This article was originally published on GoErie.com by Madeleine O’Neill on Jan. 3, 2018

A 23-year-old Erie homicide case will make its way back into an Erie County courtroom in the coming months.

The Erie County District Attorney’s Office is proceeding with a new trial against 48-year-old Vance L. Haskell, in accordance with a 3rd U.S. Circuit Court of Appeals decision that found a witness’s “perjured testimony” at Haskell’s first trial, in 1998, violated his constitutional right to due process.

Following the 3rd Circuit’s decision, in August, prosecutors in September were granted six months to retry the case. Assistant District Attorney Jessica Lasley said they are preparing to meet that deadline.

“We’re intending to try the case within the next couple of months,” Lasley said.

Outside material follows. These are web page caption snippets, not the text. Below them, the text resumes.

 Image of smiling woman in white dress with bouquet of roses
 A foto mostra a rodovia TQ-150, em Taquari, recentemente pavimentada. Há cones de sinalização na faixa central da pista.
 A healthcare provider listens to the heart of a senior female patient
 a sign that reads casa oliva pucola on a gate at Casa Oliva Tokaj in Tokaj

She will try the case with Assistant District Attorney Molly Anglin.

The prosecution will again attempt to prove Haskell guilty of first-degree murder in the killing of 24-year-old Darrel Cooley, who was shot 11 times with a submachine gun that witnesses described as being similar to an Uzi. Cooley was fatally shot in the now-closed Jethroe’s Steakhouse, on East 18th Street, in the early hours of Dec. 10, 1994.

“Any time you’re retrying any case that time has elapsed, there is a difficulty with making sure that all of the components that were used in the original case can be found again,” Lasley said. She said the original witnesses are currently being sought for the retrial.

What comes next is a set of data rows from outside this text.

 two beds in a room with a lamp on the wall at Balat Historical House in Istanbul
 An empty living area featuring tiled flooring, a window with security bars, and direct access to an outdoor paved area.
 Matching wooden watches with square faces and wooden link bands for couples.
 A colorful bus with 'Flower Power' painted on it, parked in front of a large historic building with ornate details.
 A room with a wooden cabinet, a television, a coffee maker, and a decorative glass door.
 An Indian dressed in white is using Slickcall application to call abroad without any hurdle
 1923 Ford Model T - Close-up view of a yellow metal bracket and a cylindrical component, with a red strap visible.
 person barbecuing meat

A trial date has not been set. A status conference scheduled before Senior Erie County Judge John A. Bozza Thursday was postponed and has not yet been rescheduled.

Haskell remains incarcerated at the State Correctional Institution at Greene, in Waynesburg.

Haskell will be represented in the new trial by Erie lawyer Nathaniel Strasser, who is court-appointed. Strasser said he could not comment because he was only recently assigned to the case.

Haskell, who is from Rochester, New York, had sought a new trial since shortly after he was convicted in October 1998.

In one of his appeals, U.S. Magistrate Judge Susan Paradise Baxter found that a prosecution witness, Antoinette Blue, was not being truthful when she said she did not expect to receive anything in return for her testimony in Haskell’s trial. Blue identified Haskell as Cooley’s shooter at the trial.

But Baxter rejected the appeal in 2015, finding that the perjured testimony did not have a “substantial and injurious effect or influence” on the jury’s guilty verdict.

A three-judge panel on the 3rd Circuit disagreed, and on Aug. 1 issued a ruling that opened up the possibility of a new trial for Haskell.

The panel said evidence showed that, in exchange for Blue’s cooperation in the Haskell case, then-Erie County prosecutor Matthew R. Hayes vouched for Blue’s assistance to the prosecutor handling a shoplifting case against her in Mercer County.

The panel said Blue’s testimony, and what the panel characterized as the prosecution’s failure to correct Blue’s false statement, violated Haskell’s right to a fair trial.

“Haskell has demonstrated that there is a reasonable likelihood that Blue’s false testimony could have affected the judgment of the jury, ” the panel wrote.

The District Attorney’s Office on Aug. 14 asked that a larger panel of 3rd Circuit judges rehear the case, court records show. That request was denied Sept. 6.

At Haskell’s new trial, the prosecution intends to call all of the witnesses who testified at Haskell’s first trial, including Blue, Lasley said.